In an interesting study published in Nature, Neil Shubin, PhD, and his research team show that the same cells that make fin rays in fish play a central role in forming the fingers and toes of four-legged creatures.
These findings followed three years of painstaking experiments using novel gene-editing techniques and sensitive fate mapping to label and track developing cells in fish. Postdoctoral scholar Tetsuya Nakamura, PhD, used the CRISPR/Cas gene-editing technique in zebrafish to delete important genes linked to limb-building, and then selectively bred zebrafish with multiple targeted deletions. Andrew Gehrke, PhD, a former graduate student, refined cell-labeling techniques to map out when and where specific embryonic cells migrated as the animals grew and developed. The researchers also used a high-energy CT scanner to see the minute structures within the adult zebrafish fin.
“For years, scientists have thought that fin rays were completely unrelated to fingers and toes, utterly dissimilar because one kind of bone is initially formed out of cartilage and the other is formed in simple connective tissue,” Neil said in an interview for the Science Life blog, where you may read more about this research. “Our results change that whole idea. We now have a lot of things to rethink.”
This study and the study by Carole Ober and Anne Sperling discussed in the previous post were both featured on the front page of The New York Times in the month of August. This level of national attention enhances our research reputation, and also helps the public become more engaged in science. We congratulate Carole, Anne and Neil on their outstanding work.
I am pleased to share some of the prestigious honors — both institutional and external — awarded recently to our colleagues.
Maryellen Giger, PhD, adds to her recent string of honors with the 2016 EMBS Academic Career Achievement Award. The Engineering in Medicine and Biology Society recognized Maryellen with its annual award for her outstanding and pioneering contributions to computer-aided diagnosis.
Two BSD faculty members received awards from the University for their outstanding contributions as teachers and mentors. Daniel McGehee, PhD, received a 2016 Llewellyn John and Harriet Manchester Quantrell Award for Excellence in Undergraduate Teaching.
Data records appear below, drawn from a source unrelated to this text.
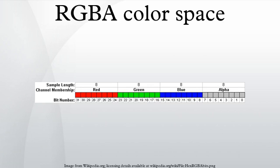RGBA stands for red-green-blue alpha. While it is sometimes described as a color space, it is actually simply a use of the RGB color model with extra information.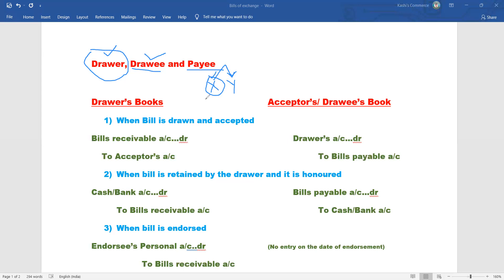The drawer makes the bill and the drawee accepts it. X as drawer will make the bill and Y as drawee will accept and sign it. For example, a two lakh rupees bill is drawn, and Y accepts it for payment on a future date, say two months from now.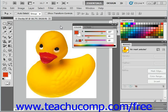Once you have your desired arrangement of panels and toolbars, you can save the arrangement as a custom workspace. This can be nice if you have multiple users of Photoshop on a single computer.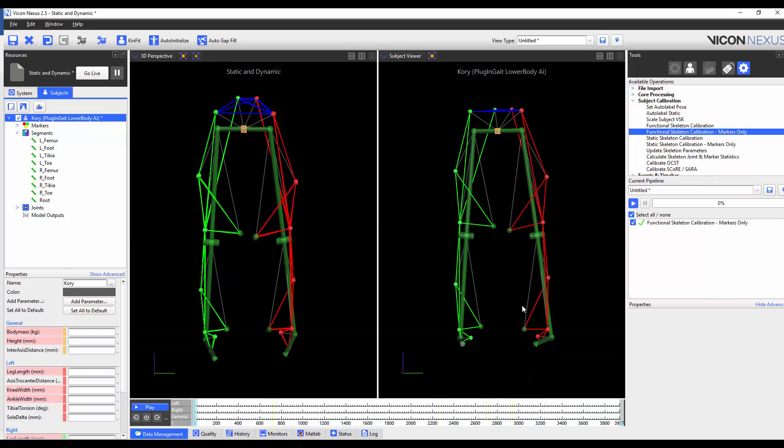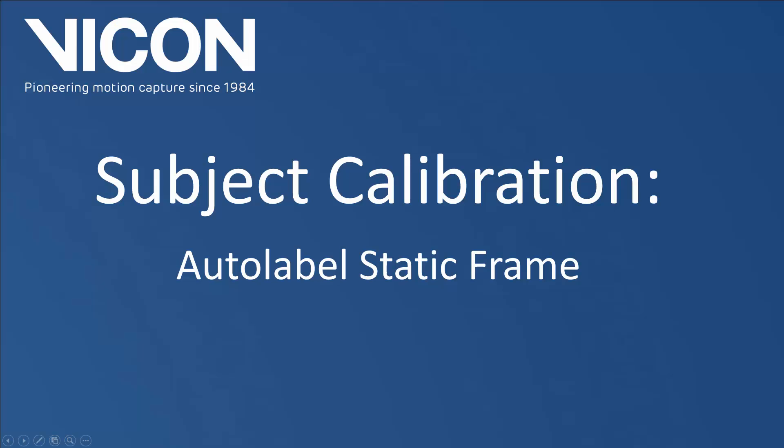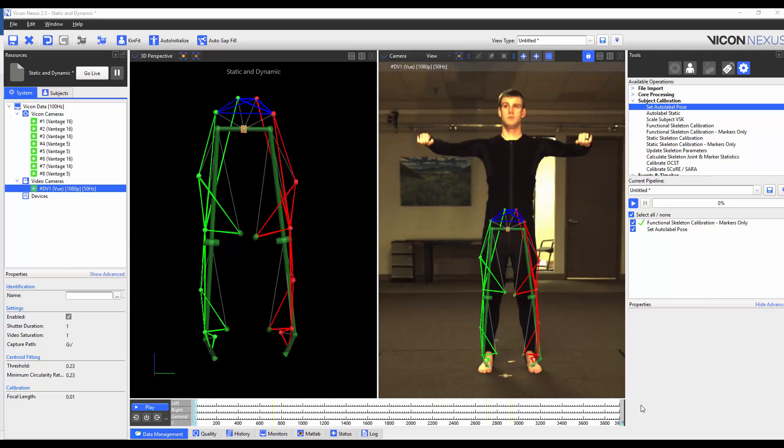When this operation is complete, we will see the markers correctly align. We are now going to make sure that we're on a frame where the subject is standing in the base pose. We're then going to execute the set auto label pose pipeline operation so that we can try to use the auto label function for other subjects.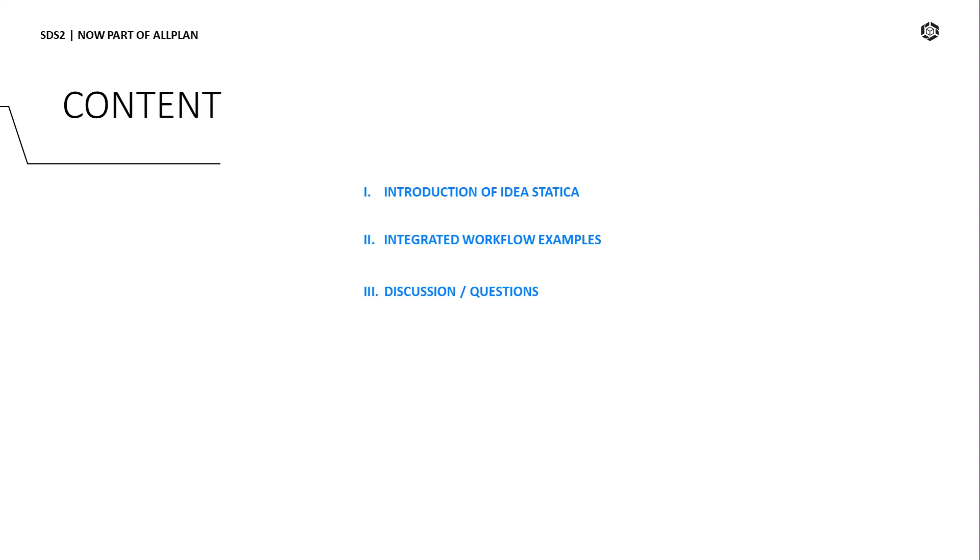And then we'll open the floor up for some open discussions and questions. Now I'll go ahead and pass it on to Dave, and he'll go ahead and introduce the tools that they have to offer us.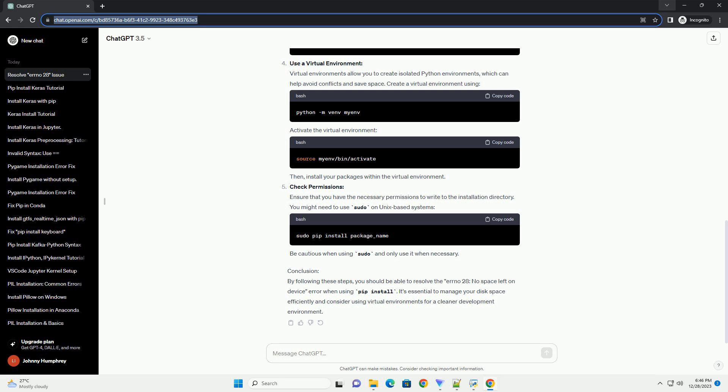Conclusion: By following these steps, you should be able to resolve the Errno 28, no space left on device error when using pip install. It's essential to manage your disk space efficiently and consider using virtual environments for a cleaner development environment.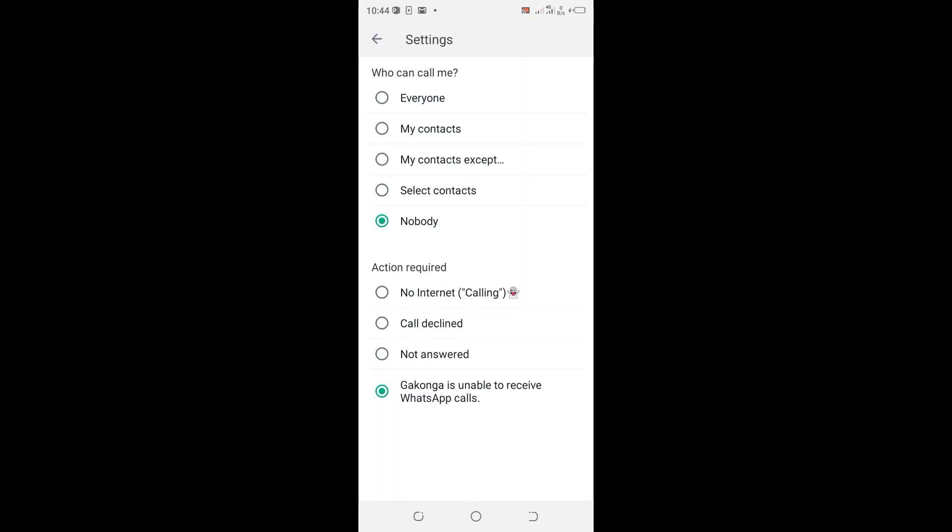After clicking the option Nobody, everyone will be unable to be calling you on WhatsApp. You can also set up the action which you need for anyone who tries to call you on WhatsApp to be notified.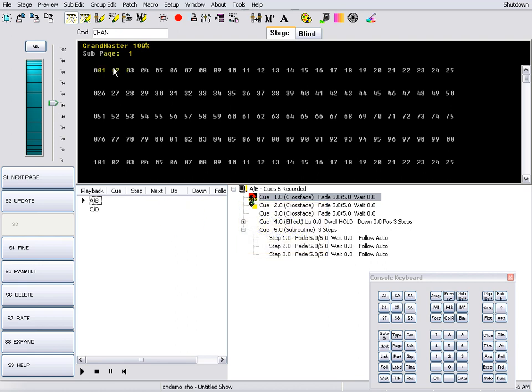To select a single channel, simply click on the channel number. To deselect a channel, click on it again.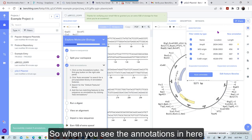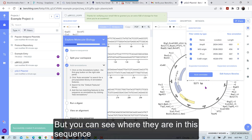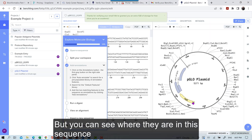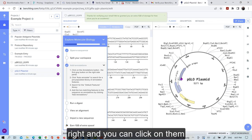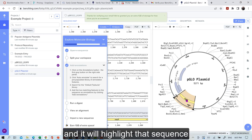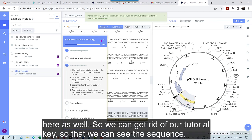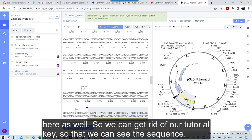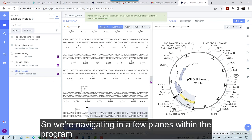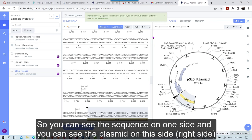So when you see the annotations in here, but you can see where they are in this sequence, right? And you can click on them. And it will highlight that sequence here as well. So we can get rid of our tutorial key so that we can see the sequence. So we're navigating in a few planes within this program. So you can see the sequence on one side and you can see the plasmid on this side.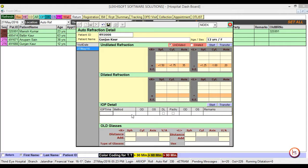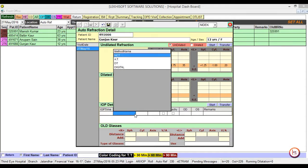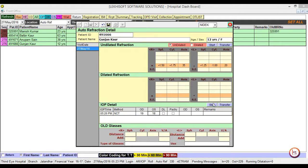Select the method first by which we are going to measure IOP. For example, NCT. Then enter the pressure. You can also transfer the data here by clicking start and then transfer. IOP will be transferred.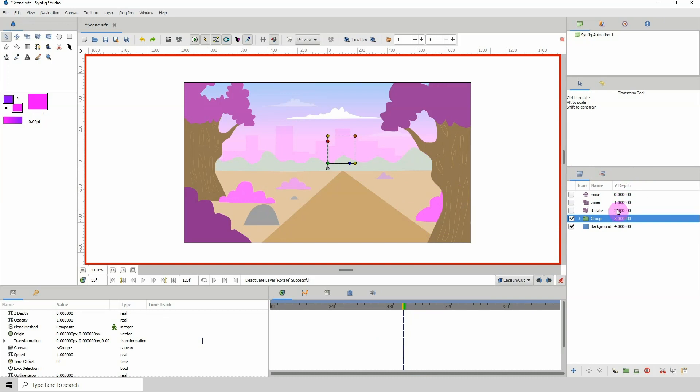So I recommend just using these simple transforms to perform simple camera movements within Synfig. I hope this tip helped you in some way, and I hope that Synfig will implement an actual camera in future installations. But until then, that's it for this tip, and I will see you in the next tutorial.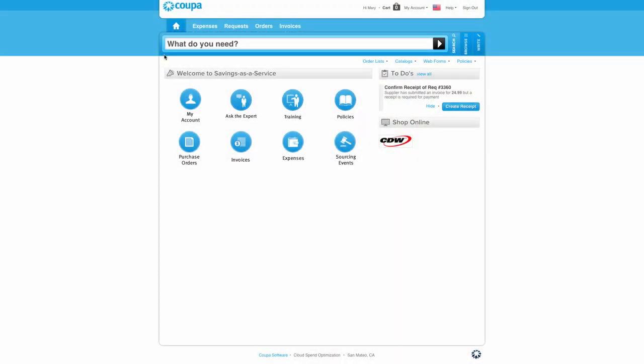Welcome to this demonstration of Coupa Procurement. You can see in the middle of this screen that it asks a simple question: What do you need?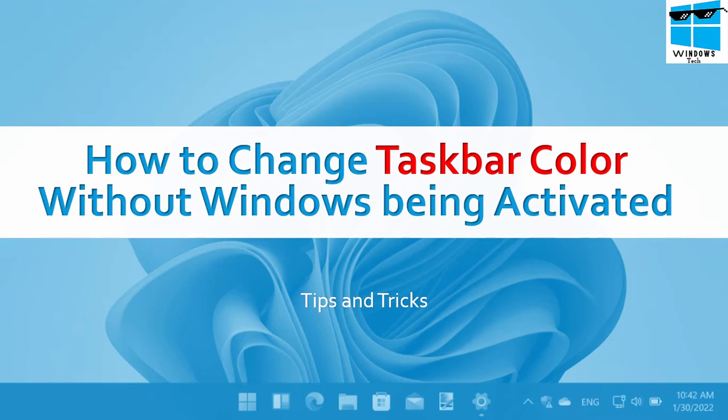Welcome to another tutorial on Windows tips and tricks. Today we're going to talk about how to change the taskbar color without Windows being activated. This is a simple trick using the registry. Going into registry allows you to change the taskbar colors even without Windows being activated.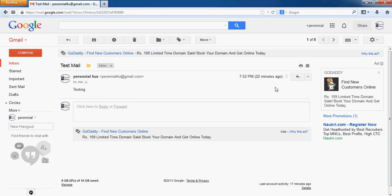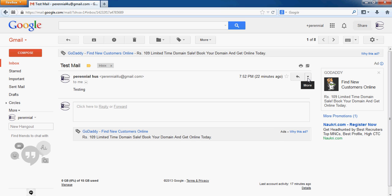You need to click on this more down arrow. If you place your mouse over here, you will see a more down arrow. Just click on there, and you need to click on the show original.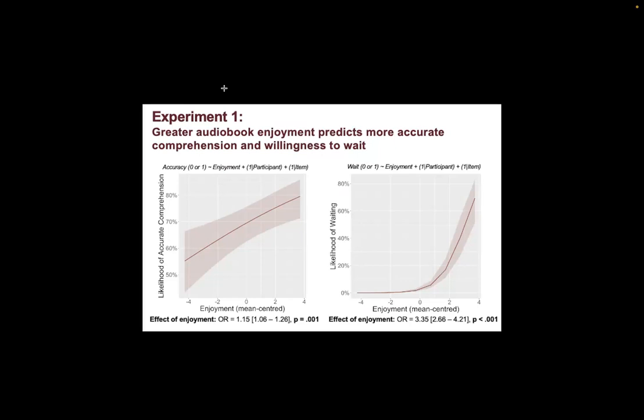Here are the results. We wanted to test whether enjoyment of a story would predict the likelihood of answering the comprehension question correctly and the likelihood of waiting and paying a temporal cost to hear more. The findings that were previously demonstrated for text reading were replicated in audiobook listening.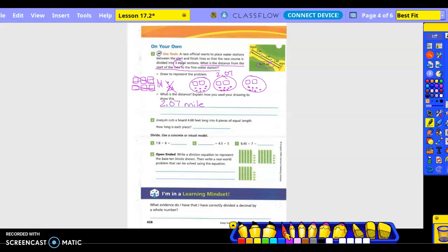Joaquin cuts a board that is 4.68 feet long into six pieces of equal length. How long is each piece? Since they didn't ask for a picture, I'm going to go ahead and let you guys just work it out. If you decide that a picture would help you, you could do that too. So what goes in my house? 4.68 divided by 6. What do I do first? Bring the decimal straight up. 6 into 4 is 0. 6 into 46 is 7 times, minus 42 is 4. Bring down the 8. 6 into 48 is 8 times. Anything left over? No. So my answer is 0.78 of a foot.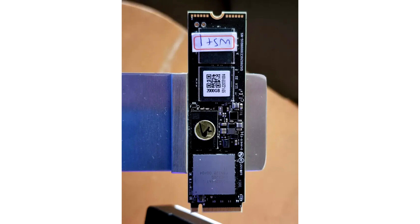This new NAND technology will bring greater densities to the market by promising higher endurance, higher read and write speeds, and better efficiency.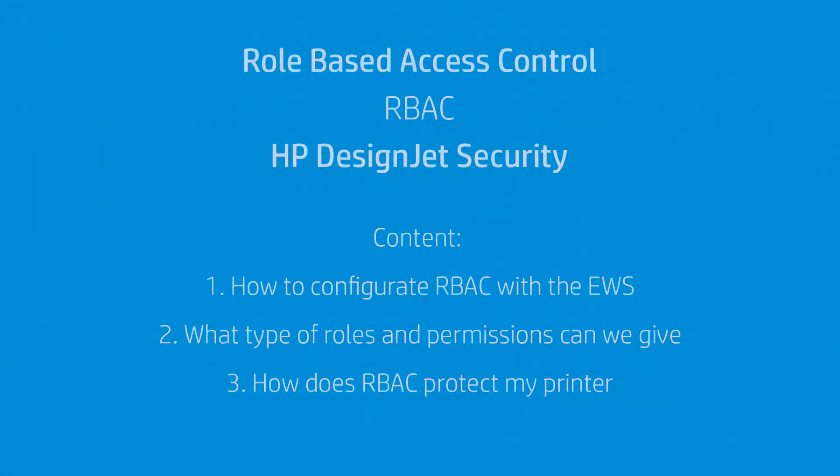How to use and configure the role-based access control? I am to explain and show you how to use and configure the role-based access control.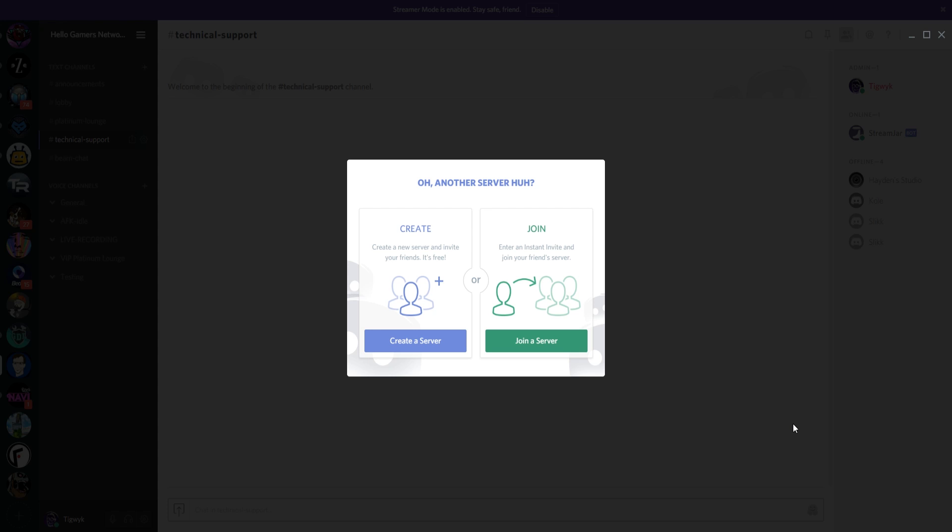Hello gamers, I am Tigwick and tonight we're going to talk about Discord, the voice and text chatting app that everybody seems to be using these days because it integrates so well with various gaming communities and with sites like Beam.Pro and Twitch.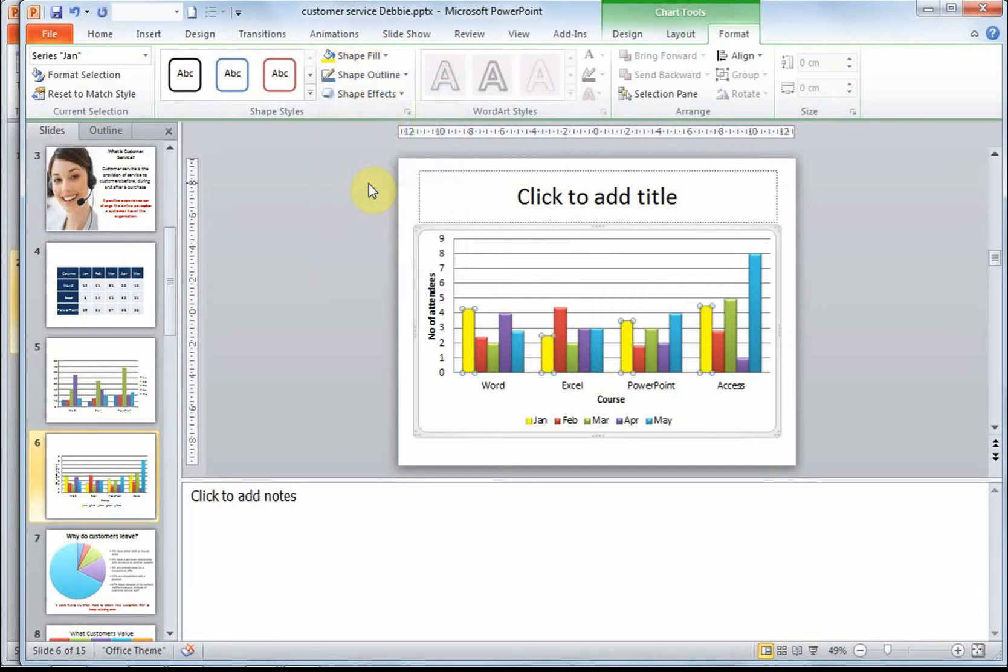Charts are a great tool in PowerPoint. And I think the audience will appreciate the data visualized in such a clear way. Let's go.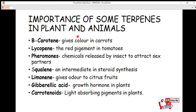The first terpene we discuss is beta-carotene. This is a carotenoid that gives the orange color in carrots — the color of carrots is produced by the terpene called beta-carotene. The next terpene is lycopene, which is the red pigment found in tomatoes. The red pigment in tomatoes is also given by a terpene called lycopene.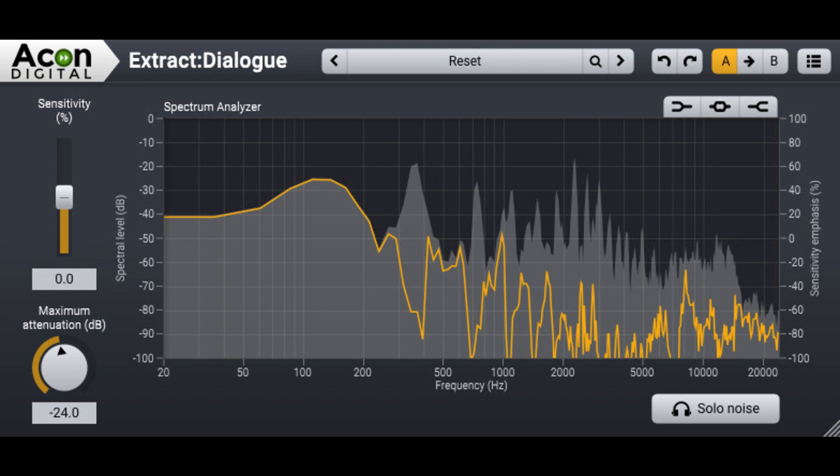Akon Digital has updated their Dialog Noise Suppression Plugin, Extract Dialog, to Version 1.2. The plugin separates dialog from common types of background noise such as wind, rustle, traffic, hum, clicks, and pops.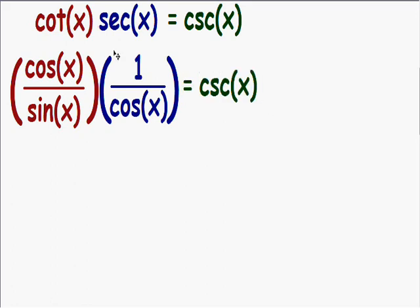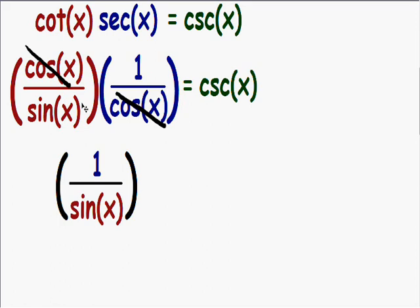Now we have rewritten the left side of the equation in terms of sine and cosine. Notice how we have a cosine of x in the numerator and the denominator, so both of the cosines are going to cancel out. The only thing we're left with is 1 over the sine of x, and our right side always stays the same — this is all equal to the cosecant of x.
Nicholas Hatsopoulos, PhD, was awarded a 2016 Faculty Award for Excellence in Graduate Teaching and Mentoring.
Finally, two of our colleagues— Michael Howell, MD, MPH, and Stacy Tessler Lindau, MD, MAPP — have been named to the second class of the Aspen Institute’s Health Innovator Fellows program. The fellowship was created in 2015 to strengthen the leadership of innovators across the U.S. health care system and to connect, inspire, and challenge them to create new approaches that will improve the health and well-being of all Americans. It is extremely unusual to have two fellows chosen from the same institution in one year.
Please join me in congratulating them.
The Grossman Institute for Neuroscience, Quantitative Biology and Human Behavior has led the effort to develop a new undergraduate major in neuroscience, the first undergraduate major in addition to biology in the Biological Sciences Collegiate Division. Although administered in the BSD, the major will be highly interdisciplinary, spanning the full range of neuroscience disciplines in the physical sciences, social sciences and biological sciences. The exciting curriculum will offer a broad foundation in neuroscience and provide students interested in graduate school, medical school, data science or biotechnology. The College Council voted unanimously in May to approve the new major.
John Boyer, Dean of the College, and I are both delighted that this has occurred. We would particularly like to acknowledge the roles played by John Maunsell, PhD, and Ruth Anne Eatock, PhD, in leading the effort to get this major established and also thank Peggy Mason, PhD, for her willingness to direct the program. I am confident that the neuroscience major will help attract additional outstanding students to the University of Chicago.